What if someone proves that advanced AGI (or even some dumb but sophisticated AI) cannot be "contained" nor reliably guaranteed to be "friendly"/"aligned"/etc. (whatever it may mean) ? Can be something vaguely goedelian, along the lines of "any sufficiently advanced system ...".
Those godelian style arguments (like the no-free-lunch theorems) work much better in theory than in practice. We only need a reasonably high probability of the AI being contained or friendly or aligned...
I imagine a reward function would be implemented such that it takes the current state of the universe as input. Obviously it wouldn't be the state of the entire universe, so it would be limited to some finite observable portion of it, whatever the sensory capabilities of the agent are. So if the "capacity" of the agent was increased, that could mean different things - it could mean that the agent now has a greater share of the universe it can observe at a given point of time, or, it could mean that the agent has more computational power to calculate some function of the current input. Depending on how that increased capacity manifests itself, it could drastically alter the final output of the reward function. So a properly "aligned" reward function would essentially have to remain aligned under all possible changes to the implementation details. And the difficulty with that is: Can an agent reliably "predict" the outcome of its own computations under capacity increases?
What is your take on the "unfriendly natural intelligence" problem? Humans don't seem aligned wth human happiness in today's normal circumstances. Do you think this is related, in that humans are aligned in situations where they have less power? Or are humans just unaligned jerks in all circumstances?
Another way to look at this is as a result of "ought implies can". A function mapping the correct choices for each possible action is not guaranteed to have correct/desirable outcomes for no-longer-impossible inputs.
Also, this brings forth a confusion in the word "aligned". If it's foundationally aligned with underlying values, then increased capacity doesn't change anything. If it's only aligned in the specific cases that were envisioned, then increase in capacity may or may not remain aligned. Definitionally, if r is aligned only for some cases, then it's not aligned for all cases. So unpack another level: why would you not make r align generally, rather than only for current capacities?
Crossposted at the Intelligent Agents Forum.
I think that Paul Christiano's ALBA proposal is good in practice, but has conceptual problems in principle.
Specifically, I don't think it makes sense to talk about bootstrapping an "aligned" agent to one that is still "aligned" but that has an increased capacity.
The main reason being that I don't see "aligned" as being a definition that makes sense distinct from capacity.
These are not the lands of your forefathers
Here's a simple example: let r be a reward function that is perfectly aligned with human happiness within ordinary circumstances (and within a few un-ordinary circumstances that humans can think up).
Then the initial agent - B0, a human - trains a reward r1 for an agent A1. This agent is limited in some way - maybe it doesn't have much speed or time - but the aim is for r1 to ensure that A1 is aligned with B0.
Then the capacity of A1 is increased to B1, a slow powerful agent. It computers the reward r2 to ensure the alignment of A2, and so on.

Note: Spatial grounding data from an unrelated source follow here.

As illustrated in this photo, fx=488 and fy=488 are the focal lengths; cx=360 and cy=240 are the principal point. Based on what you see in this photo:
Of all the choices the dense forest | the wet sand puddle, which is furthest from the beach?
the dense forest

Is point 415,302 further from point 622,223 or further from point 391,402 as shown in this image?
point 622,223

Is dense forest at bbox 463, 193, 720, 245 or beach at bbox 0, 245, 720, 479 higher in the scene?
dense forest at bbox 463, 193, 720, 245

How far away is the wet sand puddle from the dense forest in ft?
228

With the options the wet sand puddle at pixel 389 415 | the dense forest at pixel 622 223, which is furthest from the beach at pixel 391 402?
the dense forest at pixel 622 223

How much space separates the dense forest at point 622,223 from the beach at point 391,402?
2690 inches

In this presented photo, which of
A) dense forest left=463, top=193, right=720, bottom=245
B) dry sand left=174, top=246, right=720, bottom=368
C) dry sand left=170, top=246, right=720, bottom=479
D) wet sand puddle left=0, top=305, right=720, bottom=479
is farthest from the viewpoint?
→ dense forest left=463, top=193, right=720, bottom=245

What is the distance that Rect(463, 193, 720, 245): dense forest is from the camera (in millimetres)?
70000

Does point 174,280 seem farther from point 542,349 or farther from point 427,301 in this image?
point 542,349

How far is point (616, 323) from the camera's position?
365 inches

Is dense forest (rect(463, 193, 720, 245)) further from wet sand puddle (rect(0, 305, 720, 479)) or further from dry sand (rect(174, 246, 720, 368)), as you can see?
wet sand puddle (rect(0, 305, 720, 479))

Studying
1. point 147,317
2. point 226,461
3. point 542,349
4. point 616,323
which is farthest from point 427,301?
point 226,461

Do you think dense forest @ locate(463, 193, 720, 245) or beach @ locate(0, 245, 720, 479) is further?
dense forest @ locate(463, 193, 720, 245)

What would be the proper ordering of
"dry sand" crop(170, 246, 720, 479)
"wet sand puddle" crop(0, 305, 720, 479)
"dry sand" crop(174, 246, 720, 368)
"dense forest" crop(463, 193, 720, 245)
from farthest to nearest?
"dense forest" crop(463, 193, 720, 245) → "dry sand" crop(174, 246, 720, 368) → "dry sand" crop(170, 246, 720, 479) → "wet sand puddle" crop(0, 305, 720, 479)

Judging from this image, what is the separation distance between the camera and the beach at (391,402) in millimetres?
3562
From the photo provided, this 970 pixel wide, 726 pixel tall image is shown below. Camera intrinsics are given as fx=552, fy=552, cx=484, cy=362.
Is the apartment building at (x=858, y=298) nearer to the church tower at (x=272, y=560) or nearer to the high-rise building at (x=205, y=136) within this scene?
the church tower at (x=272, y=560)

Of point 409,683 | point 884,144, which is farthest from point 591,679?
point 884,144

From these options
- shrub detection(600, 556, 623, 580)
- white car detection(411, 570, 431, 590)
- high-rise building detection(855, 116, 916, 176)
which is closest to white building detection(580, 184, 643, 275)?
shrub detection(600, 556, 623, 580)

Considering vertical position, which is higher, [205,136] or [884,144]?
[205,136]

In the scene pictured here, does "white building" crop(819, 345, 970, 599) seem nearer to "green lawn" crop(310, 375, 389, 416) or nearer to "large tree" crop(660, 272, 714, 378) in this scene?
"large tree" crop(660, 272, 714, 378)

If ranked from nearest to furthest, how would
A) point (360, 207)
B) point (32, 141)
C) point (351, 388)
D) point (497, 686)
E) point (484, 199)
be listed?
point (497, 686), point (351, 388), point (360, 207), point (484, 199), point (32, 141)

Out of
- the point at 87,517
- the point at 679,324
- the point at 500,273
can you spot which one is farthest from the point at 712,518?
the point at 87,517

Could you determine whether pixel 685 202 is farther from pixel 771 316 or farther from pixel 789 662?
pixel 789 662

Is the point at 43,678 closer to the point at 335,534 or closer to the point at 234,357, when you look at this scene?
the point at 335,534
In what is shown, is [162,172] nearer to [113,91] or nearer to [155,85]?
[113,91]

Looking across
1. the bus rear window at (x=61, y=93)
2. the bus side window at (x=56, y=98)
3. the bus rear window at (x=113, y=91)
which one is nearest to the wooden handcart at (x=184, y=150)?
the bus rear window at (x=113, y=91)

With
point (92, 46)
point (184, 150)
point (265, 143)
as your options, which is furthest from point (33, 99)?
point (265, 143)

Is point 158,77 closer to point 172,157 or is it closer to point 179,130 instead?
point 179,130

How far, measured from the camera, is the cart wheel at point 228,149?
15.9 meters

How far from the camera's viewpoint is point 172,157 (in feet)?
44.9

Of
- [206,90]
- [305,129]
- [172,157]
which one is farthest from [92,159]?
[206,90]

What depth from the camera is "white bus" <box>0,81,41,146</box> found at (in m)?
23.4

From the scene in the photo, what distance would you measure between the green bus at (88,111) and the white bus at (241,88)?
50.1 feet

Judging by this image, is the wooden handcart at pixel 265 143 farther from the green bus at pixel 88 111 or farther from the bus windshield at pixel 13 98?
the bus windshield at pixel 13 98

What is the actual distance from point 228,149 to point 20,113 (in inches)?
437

The nature of the Bj agents is not defined - they might be algorithms calling Ai for i ≤ j as subroutines, humans may be involved, and so on.
If the humans are unimaginative and don't deliberately seek out more extreme and exotic test cases, the best case scenario is for ri → r as i → ∞.
And eventually there will be an agent An that is powerful enough to overwhelm the whole system and take over. It will do this in full agreement with Bn-1, because they share the same objective. And then An will push the world into extra-ordinary circumstance and proceed to maximise r, with likely disastrous results for us humans.
The nature of the problem
So what went wrong? At what point did the agents go out of alignment?
In one sense, at An. In another sense, at A1 (and, in another interesting sense, at B0, the human). The reward r was aligned, as long as the agent stayed near the bounds of the ordinary. As soon as it was no longer restricted to that, it went out of alignment, not because of a goal drift, but because of a capacity increase.